Title: Knock off of Problem of the Week 12/10
Post by: tmartin on December 10, 2009, 10:12:34 AM

Ok, so to steal azmanam's gig for a day... (with his permission  ;D).  Here is a problem for some thought.
I'll try to make it a few parts to drag it out a little... What is the product of this reaction (you can ignore stereochemistry)?

For clarity: the Pd catalyst is a pi-allyl Pd species with Cl and PPh3 as ligands.

Title: Re: Knock off of Problem of the Week 12/10
Post by: stewie griffin on December 10, 2009, 02:56:28 PM

I'm confused  :'(
Is everything thrown in the flask at the same time???

Title: Re: Knock off of Problem of the Week 12/10
Post by: tmartin on December 10, 2009, 03:59:20 PM

Well, at one point everything will be in the flask at the same time  :P

I haven't looked at the supporting info, but I believe the order of addition is: Mix the palladium catalyst with the boronic acid, allene, and then aldehyde.

In terms of stoichiometry, 1 eq aldehyde, 2-5 eq of allene, 1-2 eq of boronic acid.

Title: Re: Knock off of Problem of the Week 12/10
Post by: stewie griffin on December 10, 2009, 04:17:44 PM

Here's an attempt.

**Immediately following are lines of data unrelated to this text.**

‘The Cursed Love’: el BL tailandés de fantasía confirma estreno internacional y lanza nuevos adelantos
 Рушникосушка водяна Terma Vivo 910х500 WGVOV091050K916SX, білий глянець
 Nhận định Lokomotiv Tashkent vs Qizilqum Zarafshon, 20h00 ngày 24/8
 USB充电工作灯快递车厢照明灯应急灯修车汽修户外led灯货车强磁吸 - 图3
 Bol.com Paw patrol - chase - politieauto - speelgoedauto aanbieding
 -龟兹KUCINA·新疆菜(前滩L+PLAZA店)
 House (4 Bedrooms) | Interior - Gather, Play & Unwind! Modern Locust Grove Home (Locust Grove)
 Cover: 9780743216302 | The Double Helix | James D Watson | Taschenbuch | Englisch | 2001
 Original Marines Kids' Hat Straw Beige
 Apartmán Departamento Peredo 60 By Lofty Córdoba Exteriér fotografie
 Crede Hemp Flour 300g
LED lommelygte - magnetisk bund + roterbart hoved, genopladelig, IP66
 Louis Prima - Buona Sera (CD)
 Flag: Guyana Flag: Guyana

I'm not really up to speed on my palladium chemistry outside of standard ox add, transmetallation, red.elim.
Note how I cheated and put the metal in the infamous [] since I don't know what the original ligands would end up doing.

Title: Re: Knock off of Problem of the Week 12/10
Post by: Heory on December 11, 2009, 12:11:41 AM

 ???
I'm not sure about this:

Title: Re: Knock off of Problem of the Week 12/10
Post by: tmartin on December 11, 2009, 07:33:34 AM

You both have arrived at the correct answer for A.  I also think both of your mechanisms are reasonable.  I believe that the carbopalladation step will proceed to give the Pd inserting away from the R1 group (as Heory denotes).  Interesting stereochemical model.  The authors do not specifically say their rationale, however they also only obtain slight selectivities, ranging from 1:1 up to 4.4:1 for the syn diastereomers.  After the carbopalladation reaction, R1 can be either cis or trans to the aromatic group, and I'm inferring there is a mixture.

Ok, so for the next part of the question:

When R1 is some group, say C6H13, the reaction goes as indicated above.  However, when R1 is an ester, the reaction proceeds to give another product...so...what is that product and how do we arrive there?

Title: Re: Knock off of Problem of the Week 12/10
Post by: Heory on December 11, 2009, 08:20:01 AM

Regioselectivity was changed?

Title: Re: Knock off of Problem of the Week 12/10
Post by: tmartin on December 11, 2009, 08:38:57 AM

Would there be any consequences of that?

Title: Re: Knock off of Problem of the Week 12/10
Post by: Heory on December 11, 2009, 08:52:58 AM

The product is a six-membered alpha,beta-unsaturated lactone?

Title: Re: Knock off of Problem of the Week 12/10
Post by: tmartin on December 11, 2009, 10:40:42 AM

Ok, so what is the rationale to arrive at that product (why the reversed regiochem)?

Title: Re: Knock off of Problem of the Week 12/10
Post by: Heory on December 11, 2009, 10:48:34 AM

Well, I am not quite sure how the regioselectivity reversion occured. I think the strong electron-withdrawing character of the ester group made the region between the two carbon atoms more electron-rich (as I drew), which overwhelmed the steric hindrance.

Title: Re: Knock off of Problem of the Week 12/10
Post by: tmartin on December 11, 2009, 11:35:37 AM

That will do, I believe.  Nice work.  ;D

Here is the reference:

Hopkins, C.D.; Guan, L.; Malinakova, H. C. J. Org. Chem. 2005, 70, 6848-6862.

Interesting multicomponent reaction with allenes in my opinion.  Would be really interesting if they could obtain better selectivities somehow.  Grigg and co-workers did some work on this front with imines, I believe, and I think Jamison has used allenes to make silyl protected allylic alcohols with high selectivites.